The students of Oxford must have been asking themselves how an able-bodied person of good conscience could justify sitting at formal dinner in Magdalen College, chatting about Plotinus or Byron, while the shadow of Nazi Germany spread across Europe, soon to knock on England’s door. In the face of what was coming—the threat looming over the horizon, the sacrifice that would be required to meet it, the real possibility that despite that sacrifice all was lost—how could a person justify studying maths, composing music, peering through a telescope at distant galaxies, or reading verse? We have derisive proverbs for describing such activities. Fiddling while Rome burns. Polishing the brass on the Titanic.

How can a person devote herself to the ‘occupations of peacetime’ in the midst of a war, plague, or other calamity? Why begin a project if you have no hope of finishing it? These are natural questions to ask when faced with crises like those I’ve mentioned here, crises that demand, and ought to demand, our focused attention and efforts.

The world, we say, is different now. A line has been crossed. This is new; we must act. George Floyd murdered by police in broad daylight! Mass graves being filled with innocents outside of Mariupol! COVID-19 is mutating! The Anthropocene is upon us!

All true, of course. However, Lewis observes, rightly, that a crisis like war “creates no absolutely new situation; it simply aggravates the permanent human situation so that we can no longer ignore it. Human life has always been lived on the edge of a precipice.” If this is true for war, the same can be said for injustice, economic hardship, pandemic, and most other crises. How many of the challenges that keep us awake at night are truly novel in the relevant sense here? Anyone who thinks the conflict in Ukraine or the COVID-19 pandemic is unprecedented is suffering from a severe case of historical myopia. Were young people any less anxious in 1916, waiting to be shipped to Flanders? Or as they were struck down in the hundreds of thousands by the “Spanish” Flu? Were parents more sanguine in October 1962, as global nuclear war was imminent?

It is true that history is a lottery, and none of us is able to choose where we enter humanity’s grand narrative.

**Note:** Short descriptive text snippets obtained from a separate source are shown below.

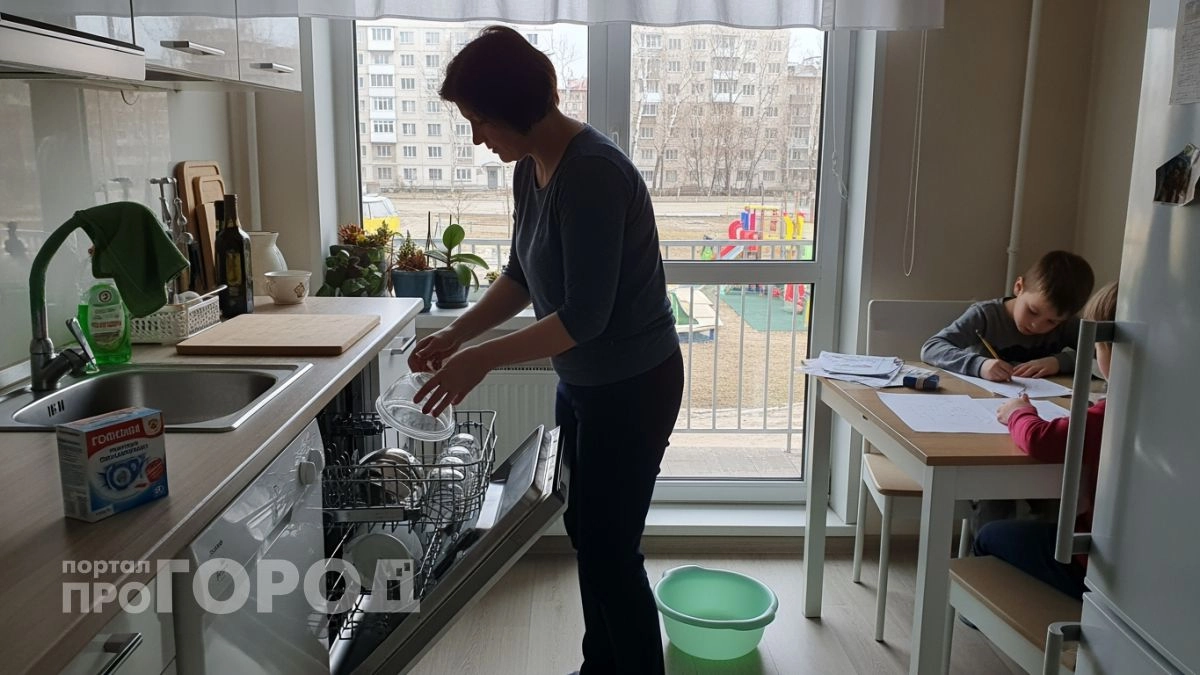 Больше не трачусь на десятки флаконов для уборки: одна таблетка для посудомойки творит чудеса по всему дому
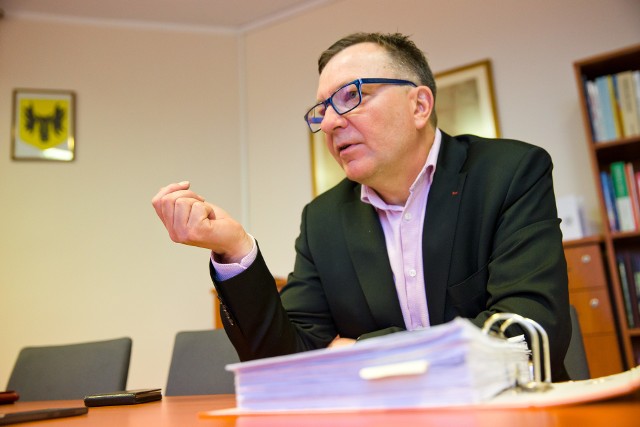 Mirosław Bielawski twierdzi, że przyznał dodatek, bo urzędniczka dodatkowo wykonywała zadania kierownika wydziału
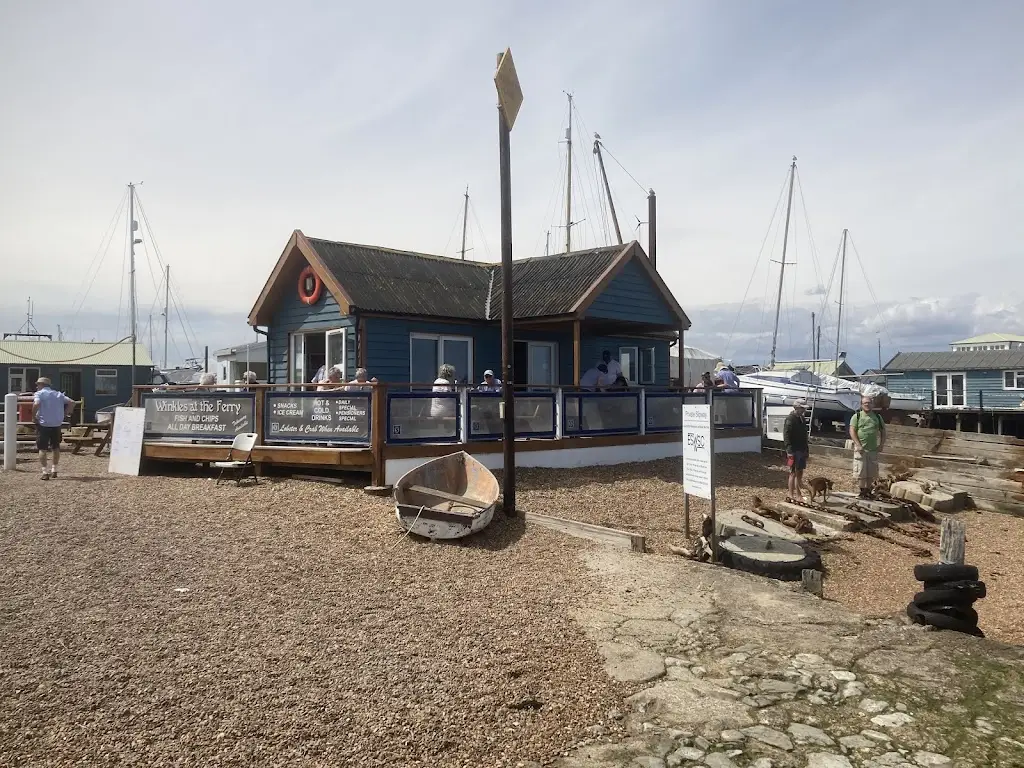 simon curtis_Winkles at the Ferry_Felixstowe_review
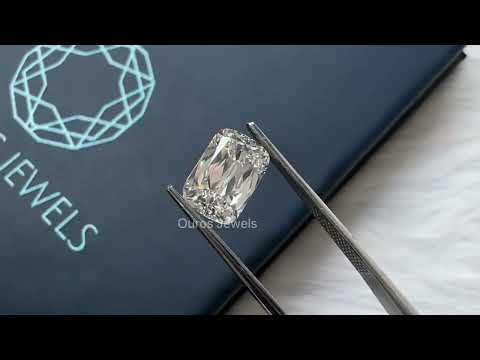 Watch this 2.23 Carat IGI Certified Criss Cut Lab Diamond youtube video.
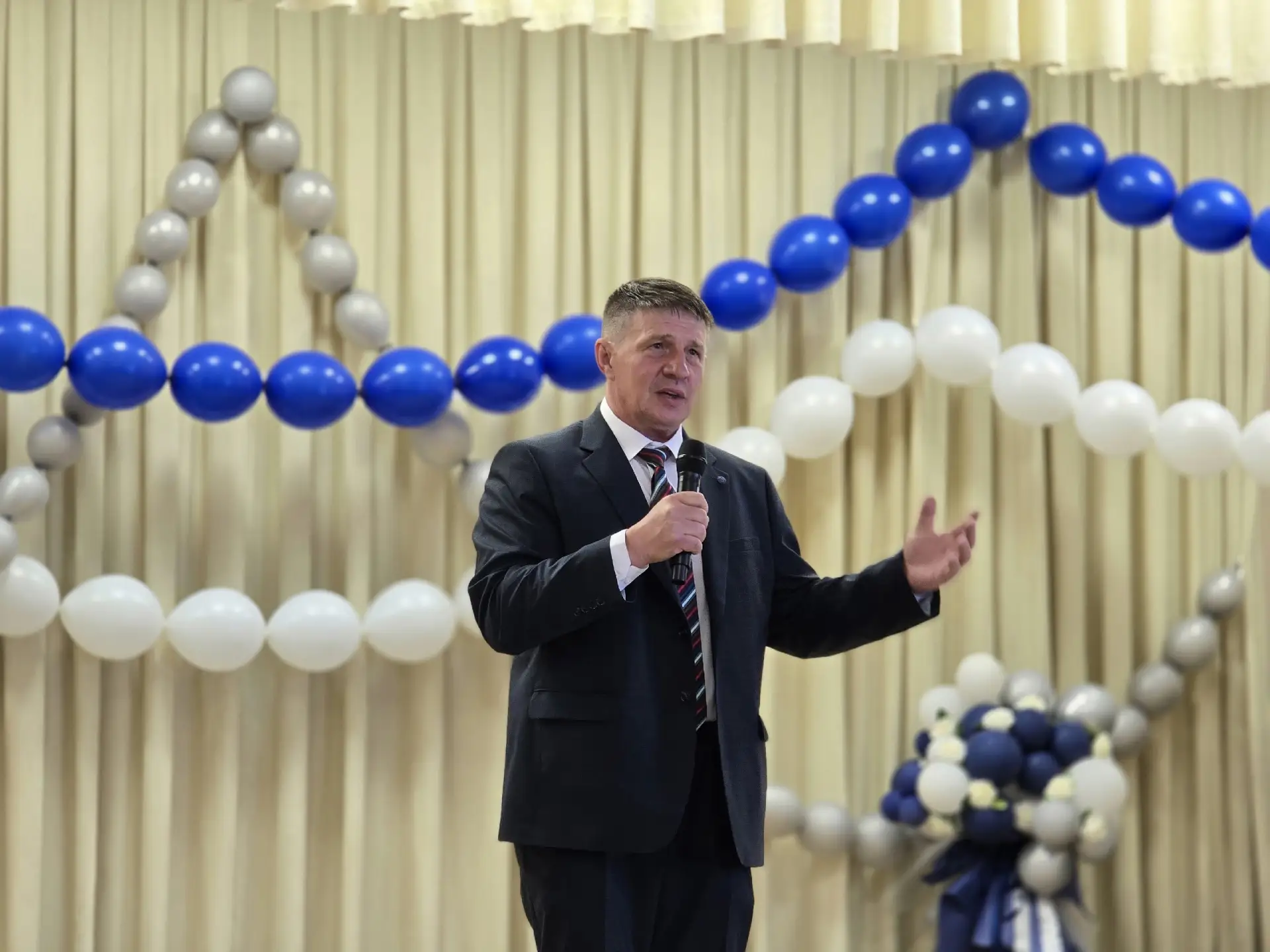 Сегодня в нашей Гимназии прозвенел Последний звонок для 9-х классов! 🔔  Шумные, веселые, повзрослевш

We arrive wherever and whenever we happen to be born, and must play the hand we’ve been dealt, good or bad. Life is not fair; and in the long arc of history we find wealth and poverty, famine and abundance, wartime and peacetime, times of plague and times of health. Nevertheless, every generation and every individual lives under the constant threat of annihilation—literally, the threat of being “reduced to nothing”—which, like the war bearing down on Lewis and his fellow-parishioners, is unknowable but certain.

But, if every generation dines under Damocles’ sword, perhaps the point is not that “wartime” is the wrong time for Beowulf, but rather that there is no time, at any time, for Beowulf. Perhaps we should focus on more pressing matters. Perhaps it is only when we have addressed these concrete, existential challenges that we have earned the right and the time for art and literature. Thus, in the midst of the Revolutionary War, John Adams wrote to his wife Abigail:

I must study Politicks and War that my sons may have liberty to study Mathematicks and Philosophy. My sons ought to study Mathematicks and Philosophy, Geography, natural History, Naval Architecture, navigation, Commerce and Agriculture, in order to give their Children a right to study Painting, Poetry, Musick, Architecture, Statuary, Tapestry and Porcelaine.

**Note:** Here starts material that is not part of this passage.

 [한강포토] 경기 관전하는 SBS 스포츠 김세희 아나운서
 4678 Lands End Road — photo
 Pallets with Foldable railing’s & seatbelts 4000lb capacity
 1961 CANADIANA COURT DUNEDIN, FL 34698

There is no denying that this view has a certain logic to it. When the house is on fire, there’s no time to sit at the piano and practice one’s scales. Well, Earth, our home, is on fire. Quite literally in my native California, but just as surely, if less obviously, across the globe. Perhaps people should put off things like painting, literature, music, and philosophy until we have earned the peace, health, and stability that makes those things practical, or at least makes their impracticality harmless. Now, the argument goes, it is time to roll up our sleeves and wage war against injustice, poverty, disease, and climate change.

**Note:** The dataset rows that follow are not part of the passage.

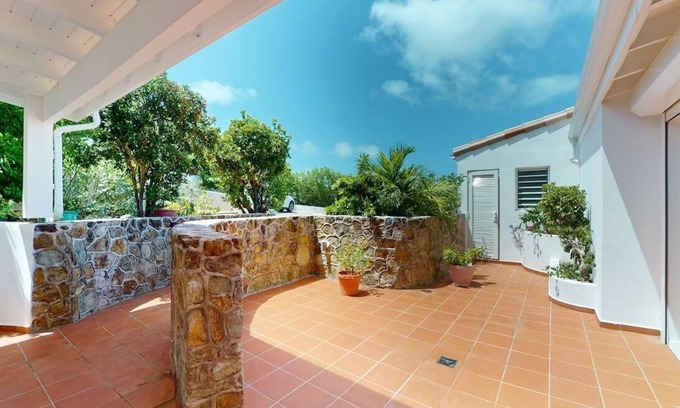 Dawn Beach Estates Villa | Timeless Tides with Ocean Views 3-bdrm 3 bath, Pool, Full AC, Wifi, Dawn Beach.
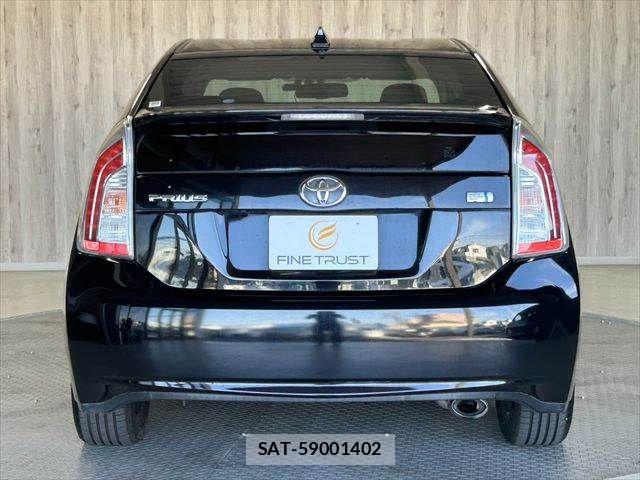 Toyota PRIUS 2014-11 7223681-18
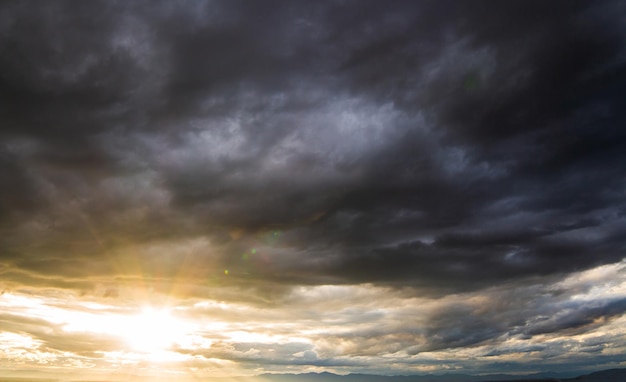 cielo drammatico colorato con nuvole al tramonto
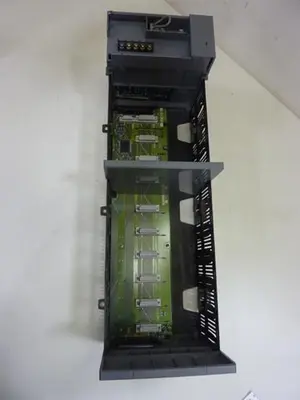 USED ALLEN BRADLEY 1746-P1 SER A / 1746-A10 SER A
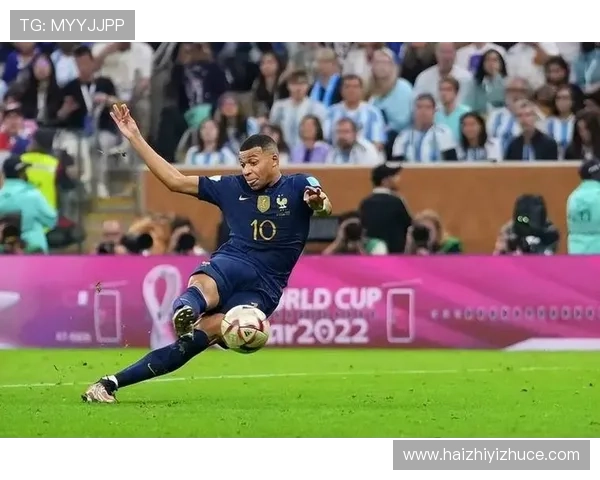 托万重返法国队感慨万千六年后入选让他倍感骄傲 托万重返法国队感慨万千六年后入选让他倍感骄傲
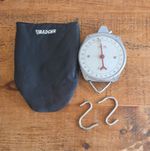 spring scales up to 25kg with 2 hooks fish scales hanging scale.fishing scalez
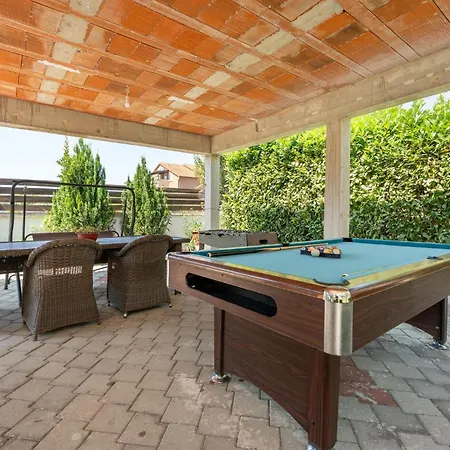 شقة Lovely In With Wifi باكوشتاني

But I’m afraid if our standard is to wait until the crisis is over before turning to art, poetry, literature, or philosophy, we will never find time for them at all. While it would be foolish to deny the difference between the life of a Roman citizen during the pax Romana and the life of one in the aftermath of the Battle of Cannae, every generation and every individual lives under stresses and threats that seem to trivialise “the humanities.” Lewis’s contemporary, T.S. Eliot, observed that the conditions are always unpropitious for tasks like searching for truth or finding meaning in our lives. There is, and will always be, some pressing concern to turn us from the pursuit of truth or the appreciation of beauty. There will always be something else to worry about, some other threat or crisis looming over the horizon. That’s not, as Adams implies, a consequence of our particular point in history or the failure of our current state of moral and social development; that is the condition of being human.

So, if we want truth, if we want beauty, if we want art, poetry, literature, and philosophy, we are going to have to resolve to seek them now, while conditions are unpropitious. If we wait for the right time, we will never begin, because there is no absolutely safe harbour, no utopian stronghold, from which we might pursue these goods untroubled by want and unthreatened by loss.

This is not, of course, license to ignore the crises that threaten to overwhelm us, or those that endanger others. Working for peace, sheltering the displaced, healing the sick, and building security are all essential tasks that help to preserve, or at least prolong, life. We ought to pursue these goals, and work hard to achieve them. We must never forget that. But while these practical endeavours, which are the focus of politics, economics, and science, make life possible, truth, beauty, and goodness—as well as the “impractical” endeavours like art, poetry, literature, and philosophy that take them as their subject matter—are what make life valuable in the first place. A world in which there is no time for beauty, or imagination, or reverie, or reflection—a world without gratitude for those things—would be an inhuman world, which is to say a world not worth living in. To give up truth and beauty out of commitment to fighting for security is to admit defeat before the battle is joined, it is to give up our humanity in a futile quest to secure it and preserve it forever.

And humans, at least some of us, are unwilling to do this. They refuse the false choice between utility and beauty, between progress and art. These people, as C.S. Lewis put it, “propound mathematical theorems in beleaguered cities, conduct metaphysical arguments in condemned cells, make jokes on scaffolds, discuss the last new poem while advancing to the walls of Quebec, and comb their hair at Thermopylae. This is not panache; it is our nature.”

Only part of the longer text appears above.